Task statement:
Please copy, word for word, the line holding "異世界催眠王第29話-變成西夫諾大鵰形狀的母女" and each line that follows it through the end of the entries, omitting any pictures.

### Data for the task ###

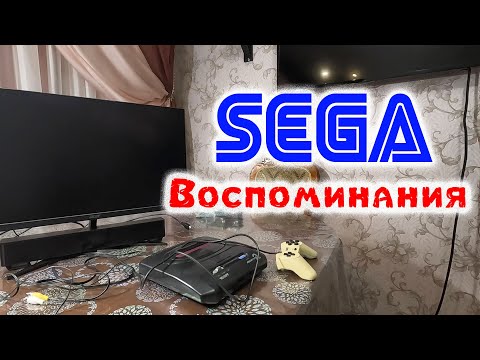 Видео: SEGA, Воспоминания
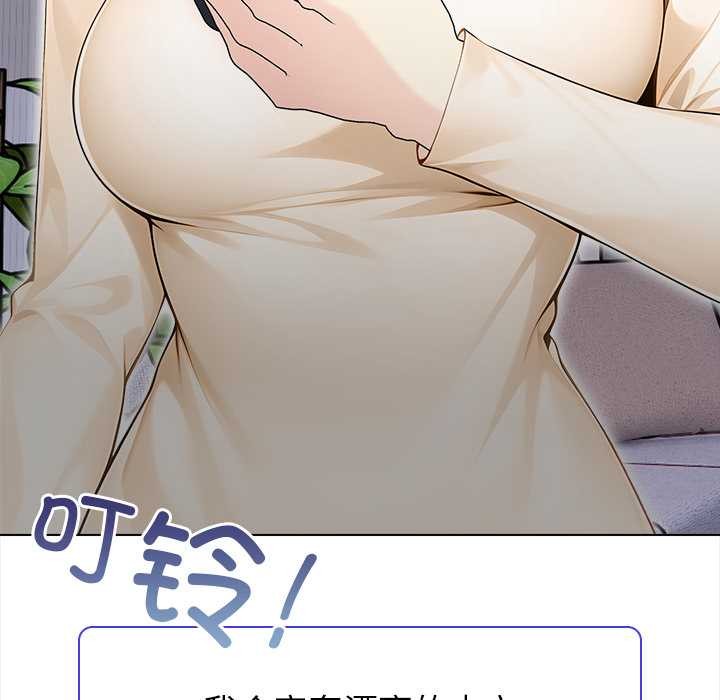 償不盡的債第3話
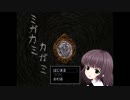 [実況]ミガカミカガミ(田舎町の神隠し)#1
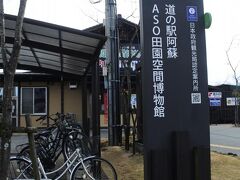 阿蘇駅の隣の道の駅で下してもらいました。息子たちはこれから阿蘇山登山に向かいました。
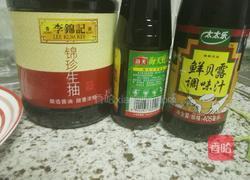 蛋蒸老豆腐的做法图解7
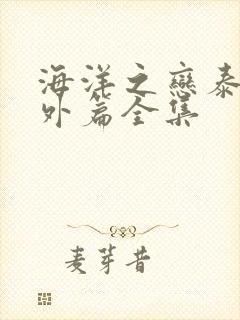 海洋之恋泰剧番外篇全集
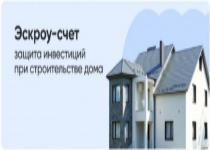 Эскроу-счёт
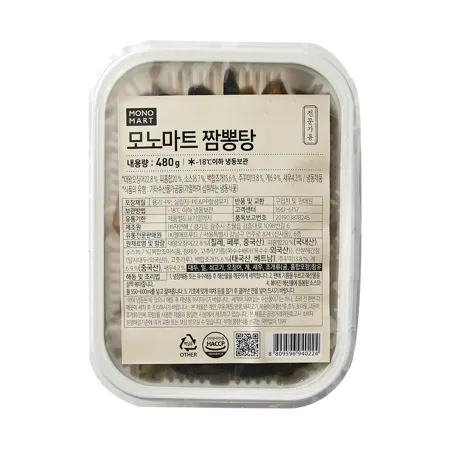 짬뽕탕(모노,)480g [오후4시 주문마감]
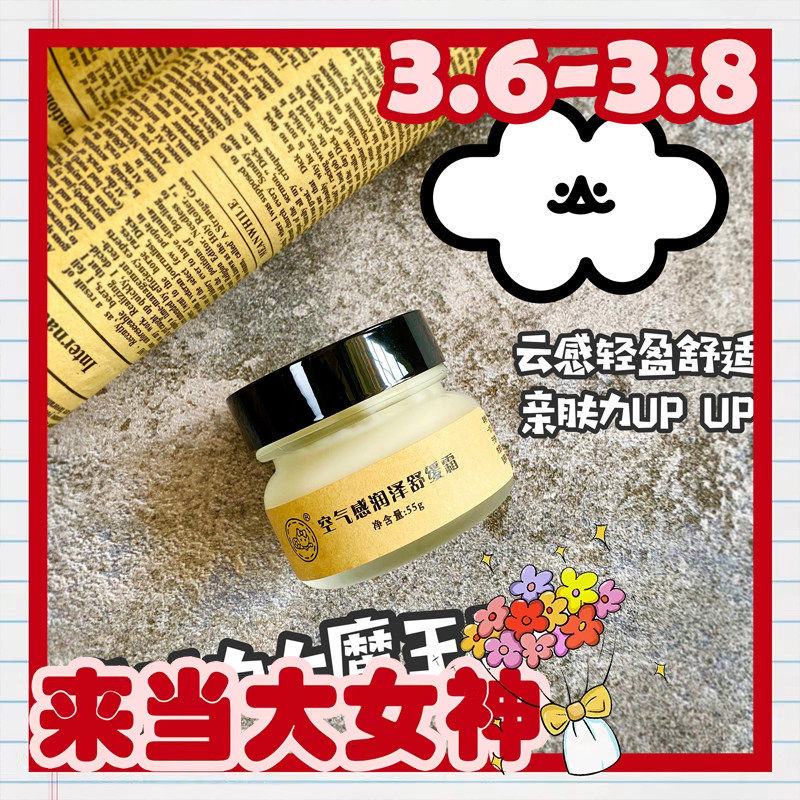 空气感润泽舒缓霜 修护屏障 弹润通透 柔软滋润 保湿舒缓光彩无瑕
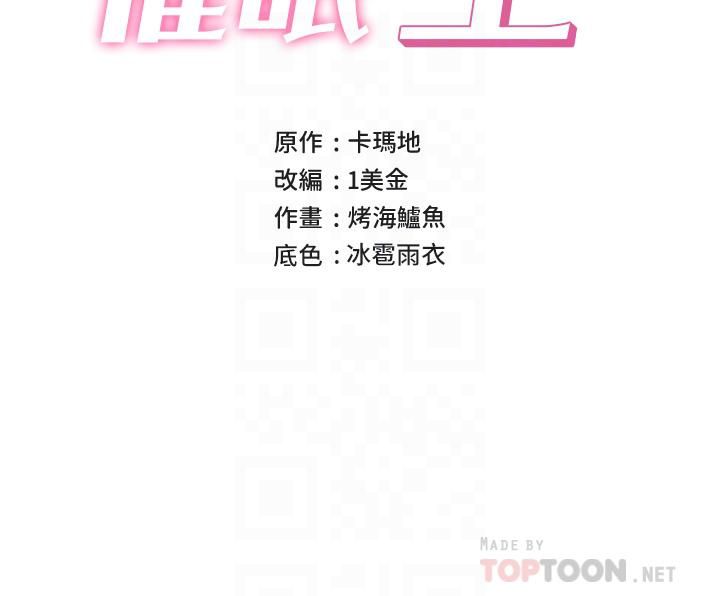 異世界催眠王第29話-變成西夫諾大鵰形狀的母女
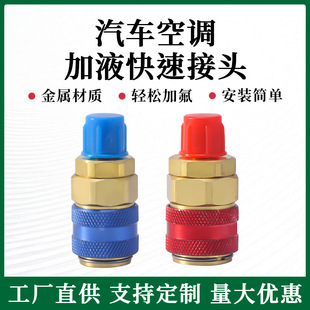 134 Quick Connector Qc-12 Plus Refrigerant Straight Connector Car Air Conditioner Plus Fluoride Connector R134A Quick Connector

###

Exercise response:
 異世界催眠王第29話-變成西夫諾大鵰形狀的母女
 134 Quick Connector Qc-12 Plus Refrigerant Straight Connector Car Air Conditioner Plus Fluoride Connector R134A Quick Connector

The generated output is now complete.